(Exercise data):
>>>
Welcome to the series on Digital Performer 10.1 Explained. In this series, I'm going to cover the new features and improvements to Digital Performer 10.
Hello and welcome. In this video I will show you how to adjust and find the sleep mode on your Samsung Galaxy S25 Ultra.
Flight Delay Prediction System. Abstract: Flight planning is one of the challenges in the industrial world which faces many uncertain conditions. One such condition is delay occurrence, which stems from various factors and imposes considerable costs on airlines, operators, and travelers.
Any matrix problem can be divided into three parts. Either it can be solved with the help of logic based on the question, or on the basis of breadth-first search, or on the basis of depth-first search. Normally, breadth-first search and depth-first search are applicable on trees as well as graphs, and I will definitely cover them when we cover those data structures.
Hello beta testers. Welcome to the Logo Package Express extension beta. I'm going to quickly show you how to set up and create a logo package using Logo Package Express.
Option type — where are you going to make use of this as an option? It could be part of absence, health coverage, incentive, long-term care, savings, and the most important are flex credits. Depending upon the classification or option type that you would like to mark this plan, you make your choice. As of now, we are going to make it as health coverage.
<<<
>>>
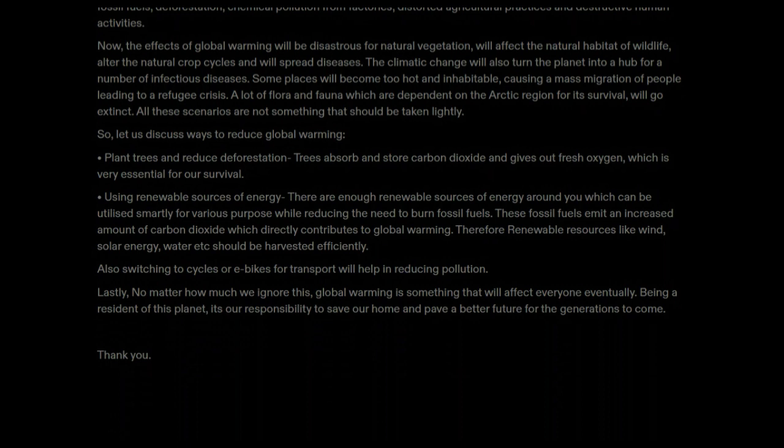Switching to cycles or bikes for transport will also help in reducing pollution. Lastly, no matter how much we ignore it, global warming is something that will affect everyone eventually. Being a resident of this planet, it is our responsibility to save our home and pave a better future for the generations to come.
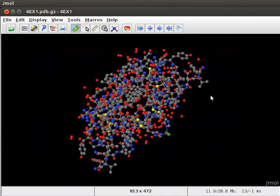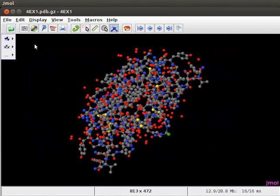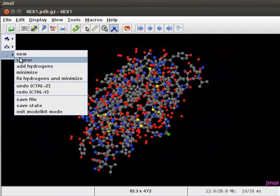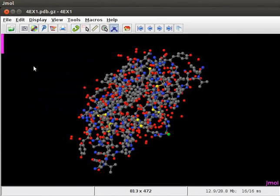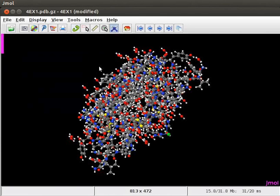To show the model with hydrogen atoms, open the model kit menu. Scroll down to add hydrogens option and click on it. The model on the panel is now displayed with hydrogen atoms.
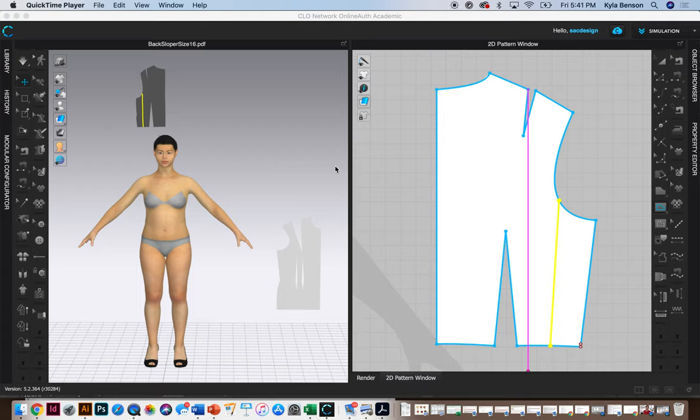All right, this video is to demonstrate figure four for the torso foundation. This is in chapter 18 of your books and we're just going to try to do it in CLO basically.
<<<
(Problem details): Extract all lines from the data in which "Hello" is found.

(Response to the task):
Hello and welcome. In this video I will show you how to adjust and find the sleep mode on your Samsung Galaxy S25 Ultra.
Hello beta testers. Welcome to the Logo Package Express extension beta. I'm going to quickly show you how to set up and create a logo package using Logo Package Express.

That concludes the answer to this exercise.